=== EXERCISE DATA ===

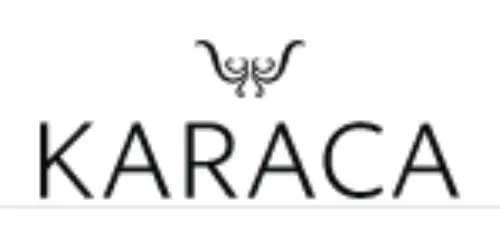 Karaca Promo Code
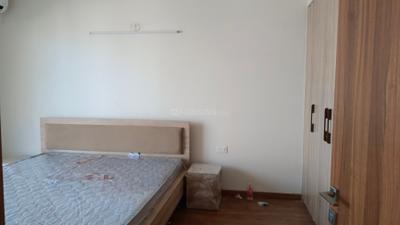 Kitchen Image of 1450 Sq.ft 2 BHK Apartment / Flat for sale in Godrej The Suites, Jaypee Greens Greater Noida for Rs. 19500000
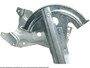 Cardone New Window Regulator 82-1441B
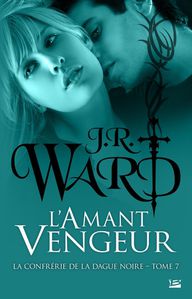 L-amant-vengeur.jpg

===

▶ _TASK PROMPT_:
Transcribe the material exactly, leaving every picture out.

▶ _SOLUTION BELOW_:
 Karaca Promo Code
 Kitchen Image of 1450 Sq.ft 2 BHK Apartment / Flat for sale in Godrej The Suites, Jaypee Greens Greater Noida for Rs. 19500000
 Cardone New Window Regulator 82-1441B
 L-amant-vengeur.jpg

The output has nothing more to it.